How six new provisions will make superpower regulator Sebi more effective

The new-found powers are sweeping. Sebi now would need to recast the organization to be able to exercise them. Photo: Abhijit Bhatlekar/Mint (Abhijit Bhatlekar/Mint)Premium
The new-found powers are sweeping. Sebi now would need to recast the organization to be able to exercise them. Photo: Abhijit Bhatlekar/Mint
(Abhijit Bhatlekar/Mint)

India’s capital market regulator is now one of the most powerful such watchdogs in the world. The government’s silver jubilee gift to the Securities and Exchange Board of India (Sebi), which has just completed 25 years, came in the form of an ordinance last week.

The focus of most media reports has been Sebi’s newly acquired powers to oversee all deposit-taking companies that are collecting 100 crore or more from the public, but there is more to it. Sebi now has six new teeth to make its bite more effective.

One, the power of recovery. Until now, Sebi could penalize any entity for market manipulation, insider trading and other wrongdoing but didn’t have the power to impose penalties. In the past five years, orders that levied at least 125 crore in penalties were ineffective as companies and people involved in wrongdoing did not pay. Sebi could, of course, prohibit them from trading in the market and take them to court. Typically, therefore, market intermediaries and listed companies pay up but many who are not regulated by Sebi and don’t want to be in the market don’t. Now, like the income-tax department, Sebi can attach their properties and sell them to realize penalties.

Two, access to more information. Until now, Sebi could ask for information only from regulated entities, listed companies and banks. It could not seek information from insurance companies, investors, unlisted companies and many others.

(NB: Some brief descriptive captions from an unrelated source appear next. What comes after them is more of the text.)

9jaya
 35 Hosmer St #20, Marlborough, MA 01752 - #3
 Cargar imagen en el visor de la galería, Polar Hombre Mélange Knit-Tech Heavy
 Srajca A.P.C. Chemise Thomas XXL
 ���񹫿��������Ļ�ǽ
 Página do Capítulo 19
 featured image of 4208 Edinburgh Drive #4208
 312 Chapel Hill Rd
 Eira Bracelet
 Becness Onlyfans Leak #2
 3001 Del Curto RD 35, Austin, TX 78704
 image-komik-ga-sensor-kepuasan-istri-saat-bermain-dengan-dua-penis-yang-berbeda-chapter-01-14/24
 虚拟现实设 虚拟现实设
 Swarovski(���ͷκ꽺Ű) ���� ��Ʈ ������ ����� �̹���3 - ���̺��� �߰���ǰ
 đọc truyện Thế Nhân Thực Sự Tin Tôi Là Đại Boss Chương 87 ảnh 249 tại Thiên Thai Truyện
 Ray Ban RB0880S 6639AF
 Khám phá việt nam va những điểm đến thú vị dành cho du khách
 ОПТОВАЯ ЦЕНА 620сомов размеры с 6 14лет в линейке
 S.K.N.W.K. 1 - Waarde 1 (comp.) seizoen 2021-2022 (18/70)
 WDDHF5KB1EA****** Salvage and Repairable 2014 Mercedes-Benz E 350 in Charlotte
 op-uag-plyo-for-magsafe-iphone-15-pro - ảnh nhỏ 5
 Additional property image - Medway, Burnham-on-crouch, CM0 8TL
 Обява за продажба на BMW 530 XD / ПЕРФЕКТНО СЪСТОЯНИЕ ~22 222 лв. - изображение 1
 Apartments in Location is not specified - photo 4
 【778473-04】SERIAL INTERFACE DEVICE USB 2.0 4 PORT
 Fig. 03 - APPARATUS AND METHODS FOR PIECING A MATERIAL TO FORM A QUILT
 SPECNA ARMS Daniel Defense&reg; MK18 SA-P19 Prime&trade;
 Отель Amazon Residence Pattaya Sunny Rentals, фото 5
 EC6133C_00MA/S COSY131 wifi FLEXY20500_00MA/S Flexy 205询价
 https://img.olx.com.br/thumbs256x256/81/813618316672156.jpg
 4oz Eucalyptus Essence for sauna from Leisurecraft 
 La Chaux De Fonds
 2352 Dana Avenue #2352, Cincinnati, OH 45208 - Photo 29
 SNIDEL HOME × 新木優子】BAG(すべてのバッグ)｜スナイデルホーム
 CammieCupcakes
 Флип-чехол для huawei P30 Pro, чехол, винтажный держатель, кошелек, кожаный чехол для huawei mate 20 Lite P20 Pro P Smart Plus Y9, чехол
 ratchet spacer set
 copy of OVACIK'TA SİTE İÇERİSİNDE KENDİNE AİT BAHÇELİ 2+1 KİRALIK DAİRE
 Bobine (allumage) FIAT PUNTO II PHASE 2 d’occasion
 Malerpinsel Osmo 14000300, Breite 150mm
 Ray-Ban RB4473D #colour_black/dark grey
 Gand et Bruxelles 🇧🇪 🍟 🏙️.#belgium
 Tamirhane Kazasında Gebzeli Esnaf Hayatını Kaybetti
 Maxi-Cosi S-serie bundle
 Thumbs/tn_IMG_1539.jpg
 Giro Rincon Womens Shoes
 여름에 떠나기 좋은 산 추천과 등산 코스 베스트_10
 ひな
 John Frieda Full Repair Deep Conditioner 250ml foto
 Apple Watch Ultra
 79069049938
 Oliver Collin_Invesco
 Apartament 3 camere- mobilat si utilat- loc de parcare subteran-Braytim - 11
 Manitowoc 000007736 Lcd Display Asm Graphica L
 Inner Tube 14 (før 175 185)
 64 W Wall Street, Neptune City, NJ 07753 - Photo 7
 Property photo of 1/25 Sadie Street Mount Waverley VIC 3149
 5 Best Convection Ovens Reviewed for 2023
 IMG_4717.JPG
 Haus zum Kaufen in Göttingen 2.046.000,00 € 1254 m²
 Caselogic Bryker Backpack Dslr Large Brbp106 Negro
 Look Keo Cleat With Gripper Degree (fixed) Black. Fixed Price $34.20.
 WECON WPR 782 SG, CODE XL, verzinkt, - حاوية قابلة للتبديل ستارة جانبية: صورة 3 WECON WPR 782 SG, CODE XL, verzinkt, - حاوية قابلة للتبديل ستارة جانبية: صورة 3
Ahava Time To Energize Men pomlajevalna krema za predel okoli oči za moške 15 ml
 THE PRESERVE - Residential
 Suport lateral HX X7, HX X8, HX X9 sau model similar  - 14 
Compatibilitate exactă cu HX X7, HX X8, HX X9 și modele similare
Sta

Now, it can get information, including phone records, from any entity it wishes to. This will strengthen the scope for investigation.

Three, search and seizure. Sebi will no longer need to get the nod of a magistrate to launch a search and seizure exercise for its investigation. Like the income-tax department, it can raid the premises of any entity and search, armed with a warrant. The clearing authority for such search and seizure exercises is the Sebi chairman.

Four, special courts to speed up resolution of cases. Thousands of cases, mostly civil, have been pending for decades. Now, there will be special courts to clear the backlog.

Five, the consent platform gets legal sanctity. The consent process that allows an entity to settle with the regulator by paying money, without admitting or denying guilt, did not have any sanction by the Sebi Act until now. The process could have been challenged in a court of law. The ordinance has plugged that gap.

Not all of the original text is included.